Il y eu un certain nombre d’évolutions, notamment en ce qui concerne la viande rouge et la charcuterie. Le PNNS recommande depuis 2015 de limiter leur consommation. En excès, ces aliments s’accompagnent d’un surrisque de développer certains cancers. Si les recommandations ont été maintenues sur la consommation de fruits et légumes et de poisson, et de ne pas manger trop gras, sucré et salé, le dernier PNNS a pour la première fois intégré la dimension environnementale, en rappelant qu’il faut peut-être aussi, indépendamment du bénéfice pour la santé, renforcer la part des végétaux, et en particulier, des légumineuses. L’autre repère important, introduit en 2019, concerne les aliments ultra-transformés, dont il est conseillé de réduire la consommation.

A-t-on observé un impact positif du PNNS sur la santé ?

Il faut attendre entre vingt et trente ans pour mesurer l’impact d’une politique de santé publique sur le cancer ou les maladies cardiovasculaires. Mais on a tout de même un bon indicateur avec l’obésité de l’enfant. Sa prévalence s’est stabilisée, et elle commence même à diminuer dans les populations favorisées, voire dans certaines populations défavorisées. On peut penser que le PNNS a eu un effet bénéfique, et qu’en multipliant les actions de prévention, on enregistrera à terme un impact sur l’état de santé des Français.

Au moins 5 fruits et légumes par jour, dit l’un des messages-phares du PNNS. Or, seuls un tiers des Français l’appliquent. N’est-ce pas un échec ?

C’est tout le problème du PNNS. Il a eu un rôle de communication et d’éducation, ce qui est fondamental, mais insuffisant, si ses recommandations ne sont pas mises en pratique. Il faut maintenant initier des actions politiques qui permettent d’installer un environnement alimentaire favorable. Une régulation plus stricte de la publicité, en particulier vis-à-vis de la malbouffe ou de l’alcool, en serait une, par exemple. Il est nécessaire de passer de l’information individuelle à l’action collective.
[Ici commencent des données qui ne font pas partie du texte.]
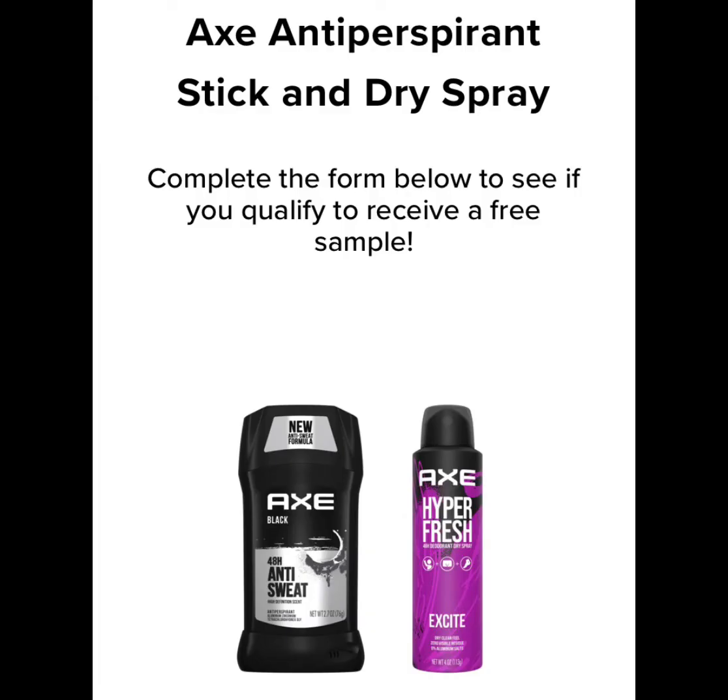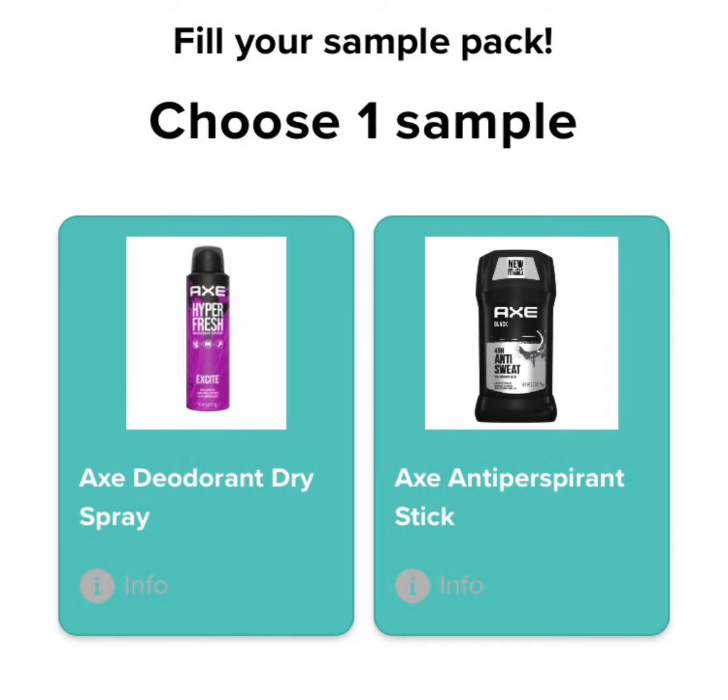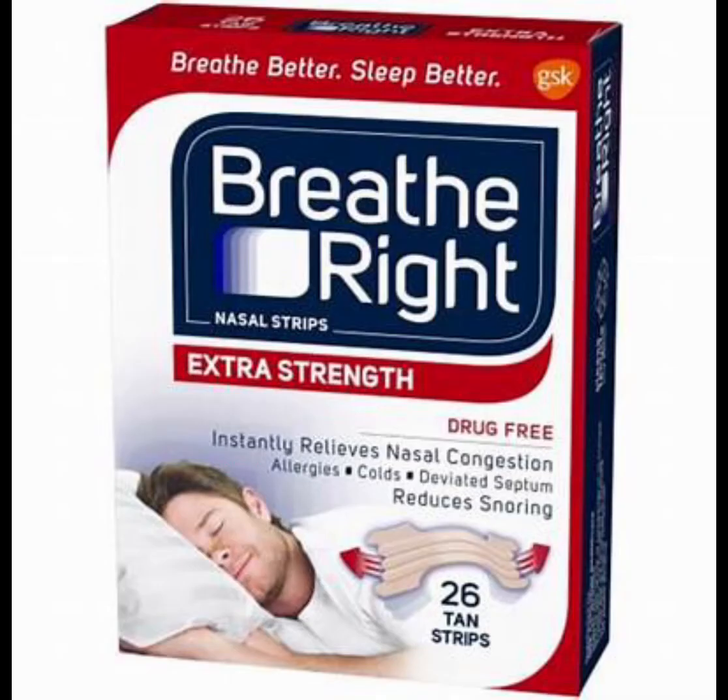The second sample is actually from Sampler, so you will need to qualify for this based on the answers that you give. I did qualify for it, and once you get to that stage you'll be prompted to choose one — I was only able to try one, so I chose the dry spray.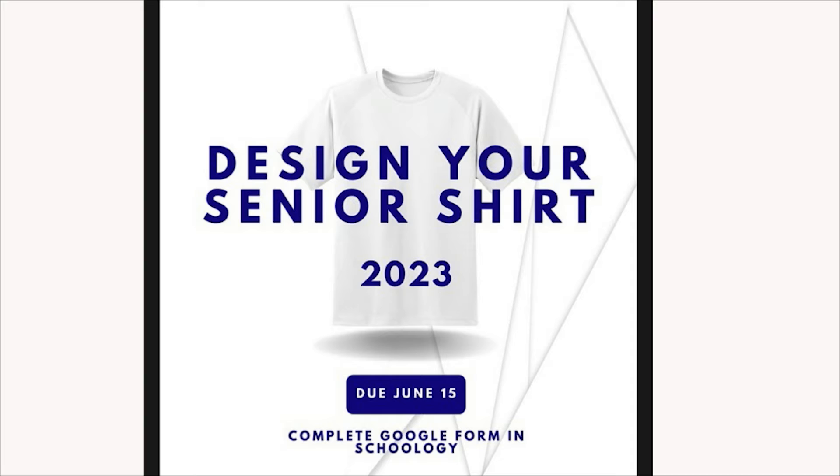Class of 2023: design your senior shirt. Submit designs by June 15th to be voted on in the fall by the senior class. Submit through the link in Schoology. If you have any questions, reach out to Miss Andrews or Mrs. Purdue. That is all the time we have for this edition of Indy Nation News — have a great day and we'll see you right back here tomorrow.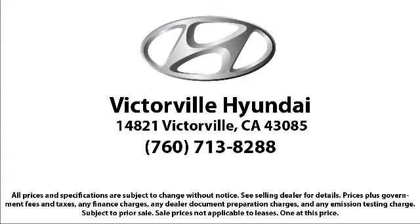So come see us today. Victorville Hyundai is located at 14821 Palmdale Road in Victorville.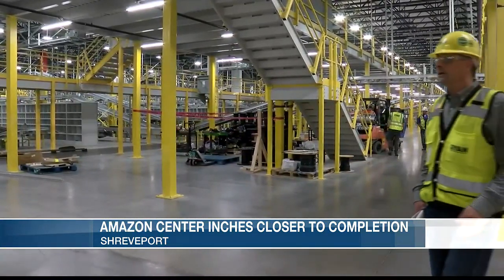Amazon said they're looking to open this facility possibly in mid-2024. In Shreveport, Jade Myers, KSL News 12. We'll check back in with Jade coming up in about an hour on KSL News 12 at 6.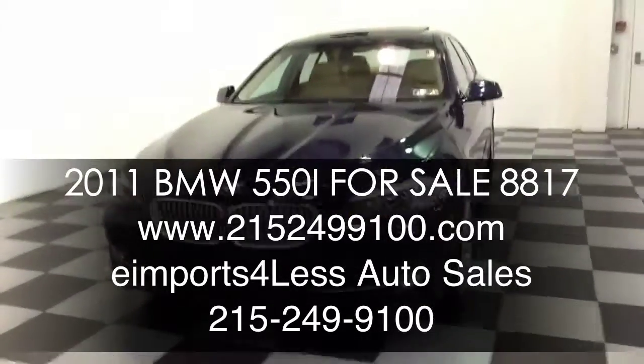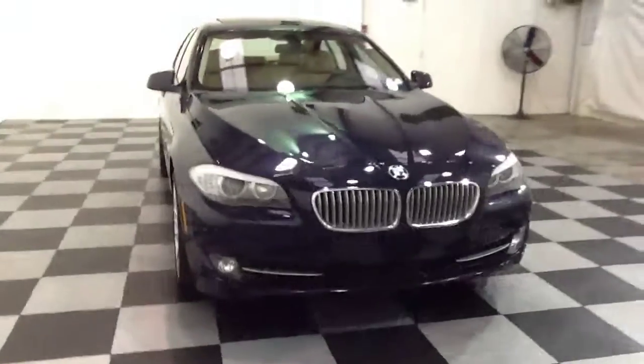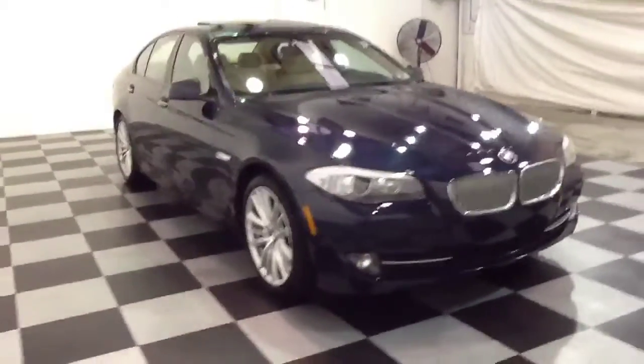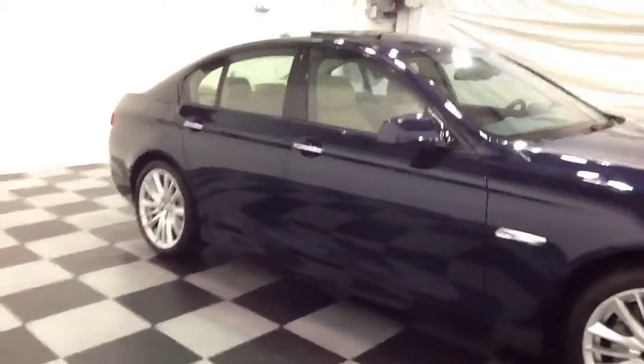Welcome to e-Imports for Less video review. This video review features a 2011 BMW 550i sedan. This vehicle has 45,000 miles on it and is powered by a turbocharged 8-cylinder engine.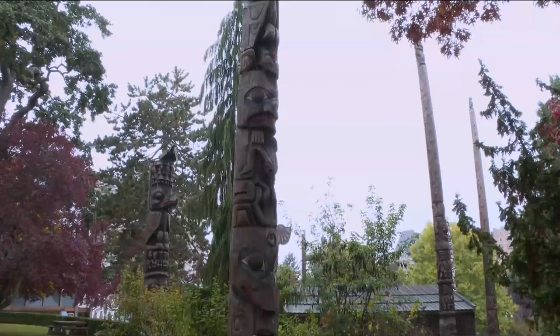This Week in History, brought to you by the Royal BC Museum, bringing British Columbia stories together.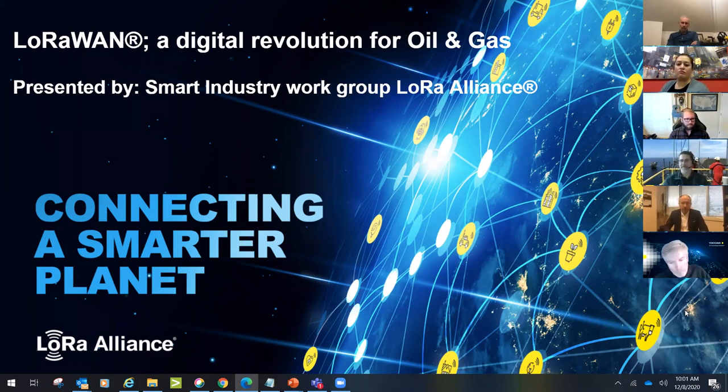It's 10:01 central time. Thank you everybody, and thank you Energy Now for having us. We are part of the LoRa Alliance and we're going to be presenting on the LoRa technology. The title of today's presentation is LoRaWAN: a digital revolution for oil and gas, presented by the Smart Industry Workgroup from the LoRa Alliance.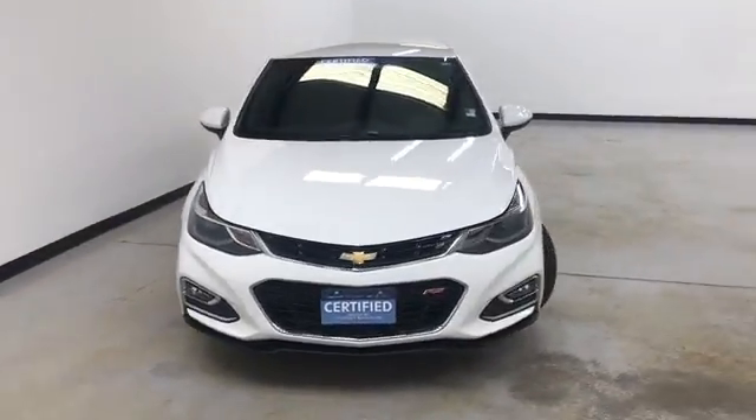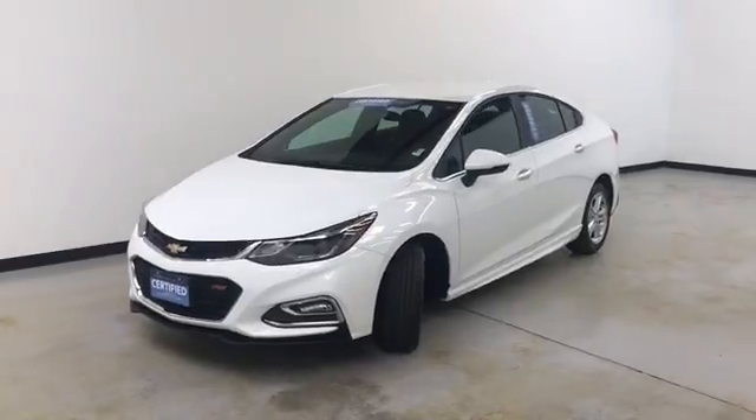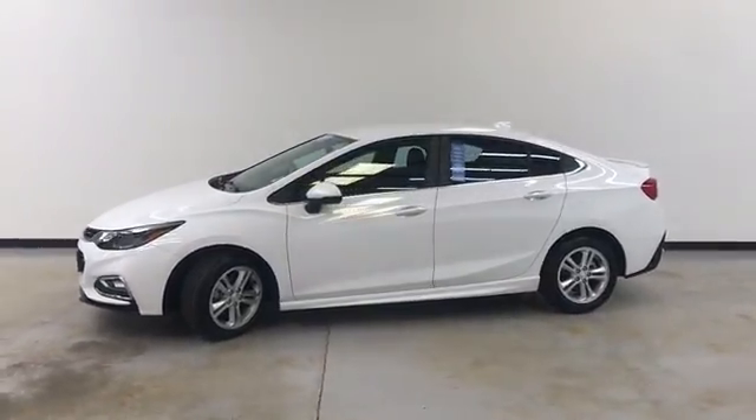Welcome to Colonel Buick GMC where we're doing a walk-around video of this 2017 Cruze LT. It's got a 1.4 liter four-cylinder, summit white on the exterior, and jet black cloth on the interior.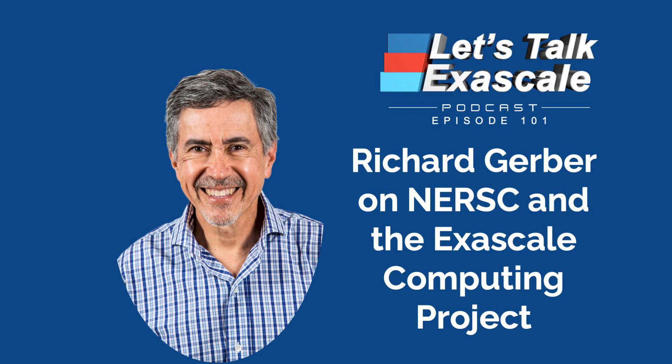I'm also the senior science advisor, and in that role I make sure that NERSC remains science-focused and help tell science stories to staff, DOE, and to the general public, working with the lab and that sort of thing.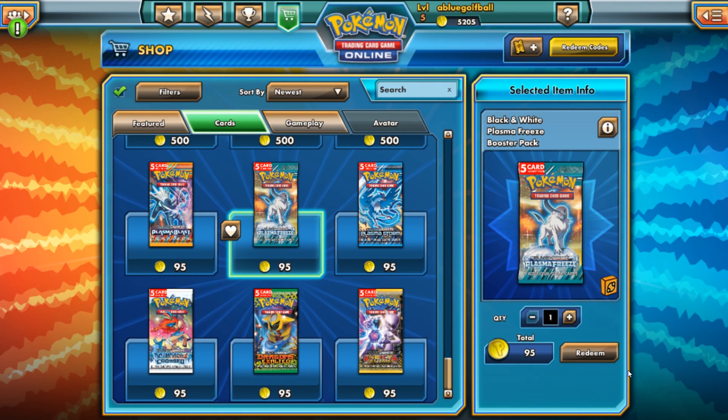Hey what's up YouTube, it's BlueGolfBall here today with another Pokemon TCG Online video. And today I'm going to be doing something a little bit different.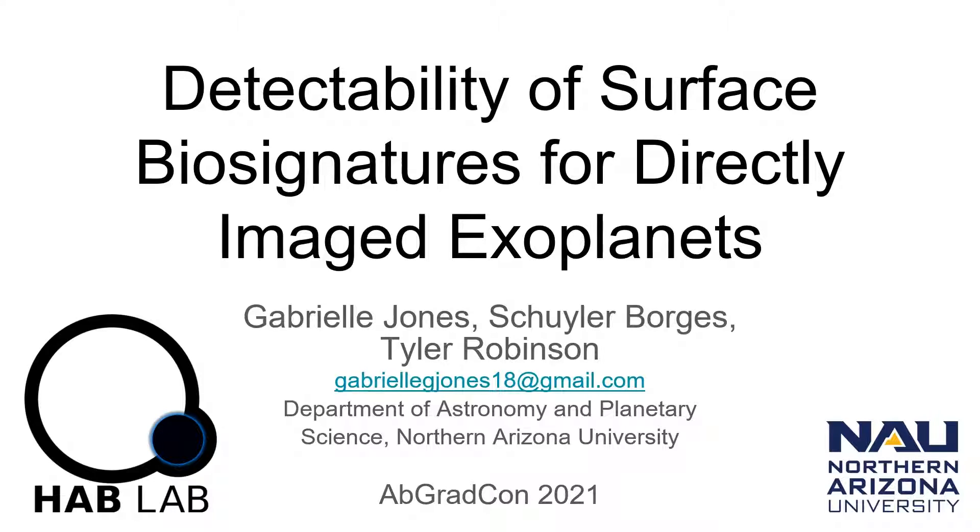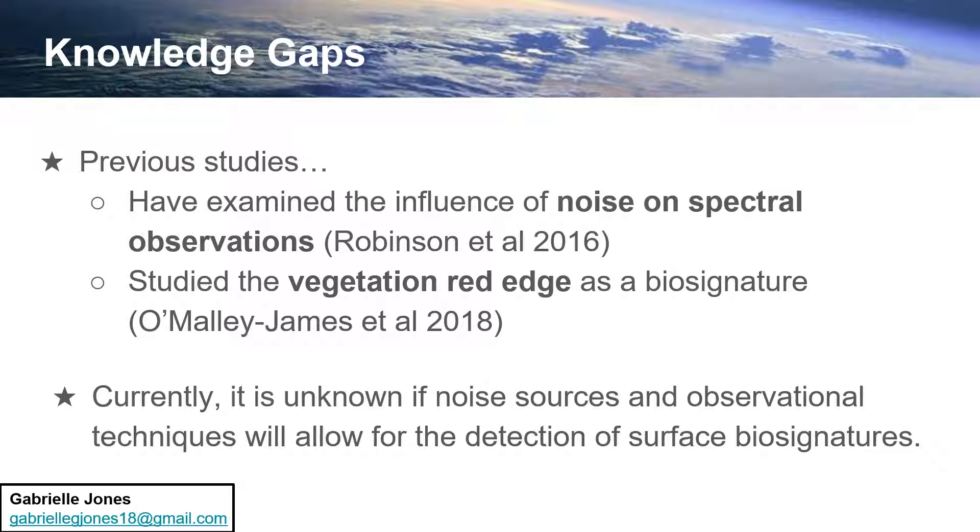Hello, I'm Gabrielle Jones and I will be presenting on the detectability of surface biosignatures for directly imaged exoplanets. Currently, it is unknown if noise sources will allow for the detection of these surface biosignatures on an exoplanet.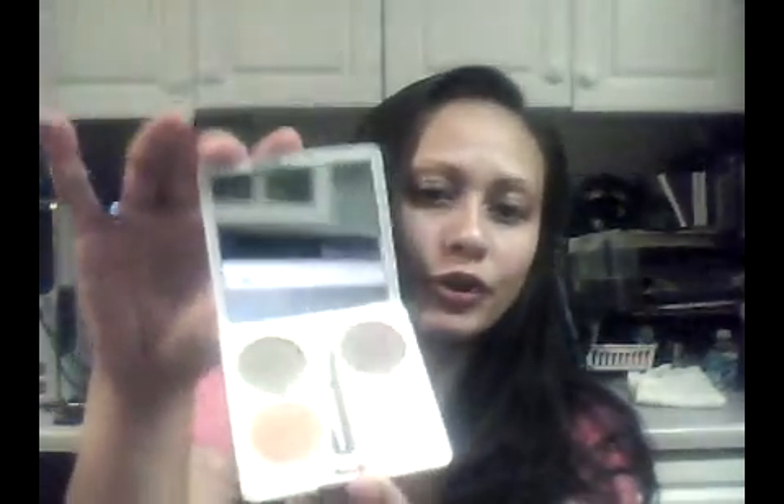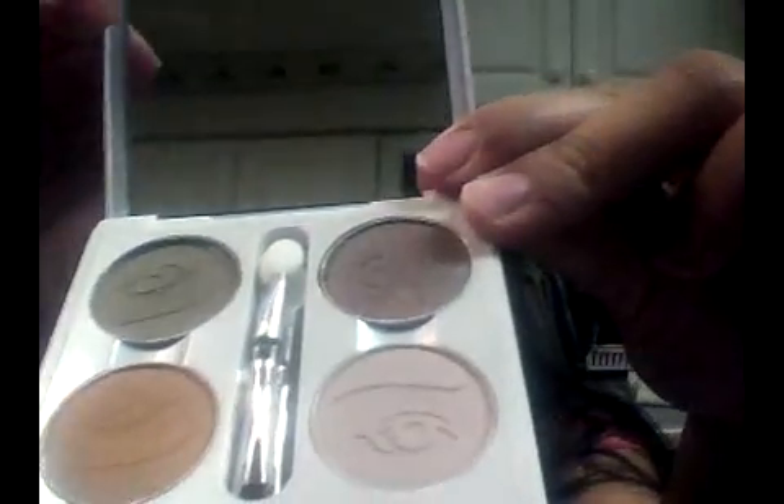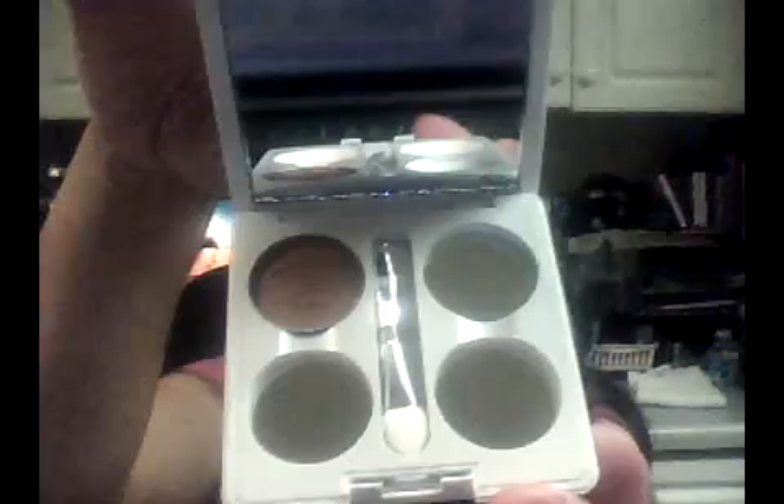I got the compact for a dollar and I bought the eyeshadow shades for a dollar apiece. I don't know if you can see the different colors I got but they're so pretty — got that one and this one. They didn't have other colors for me to fill the other slots but I'll order them from the ELF website.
Sans une mobilisation des pouvoirs publics, l’intérêt du PNNS restera limité.

PNNS 4 : le temps de l’action

Le Pr Daniel Nizri, cancérologue et vice-président de la Ligue contre le cancer, a été nommé à la tête du PNNS fin 2019. Son mandat court jusqu’en 2023. Son vœu : mobiliser les acteurs de terrain.  

En tant qu’ancien cancérologue, la prévention est une notion évidemment essentielle pour Daniel Nizri, l’actuel président du Programme National Nutrition Santé. « Le meilleur moyen de ne pas avoir un cancer, c’est encore de ne pas le développer », souligne-t-il. Prévenir, c’est guérir. Ce vieux slogan n’a jamais été aussi pertinent qu’en cette période de pandémie, où les personnes en surpoids, voire obèses, avec des comorbidités en lien avec la malbouffe et la sédentarité, représenteraient 40 % des patients hospitalisés, selon notre interlocuteur. « Le fil rouge, c’est la réduction des inégalités d’accès », reprend-il. Outre que les décisions prises par les nombreux ministères concernés par les enjeux alimentaires doivent aller dans la même direction, notamment en termes de prévention, rien ne pourra se faire sur la durée sans les acteurs de terrain, estime Daniel Nizri : « Il faut impliquer les associations. Leur connaissance des différents réseaux territoriaux et leur capacité à favoriser les relations interpersonnelles constituent des atouts pour fédérer et engager des actions au plus près des besoins ». Et de citer France Assos Santé, dont certaines des associations membres ont fait la preuve, au plus fort de la crise de la Covid-19, d’une réactivité remarquable. « C’est d’ailleurs au titre de membre d’une association que j’ai accepté de piloter le comité de suivi du PNNS », souligne le vice-président de la Ligue contre le cancer.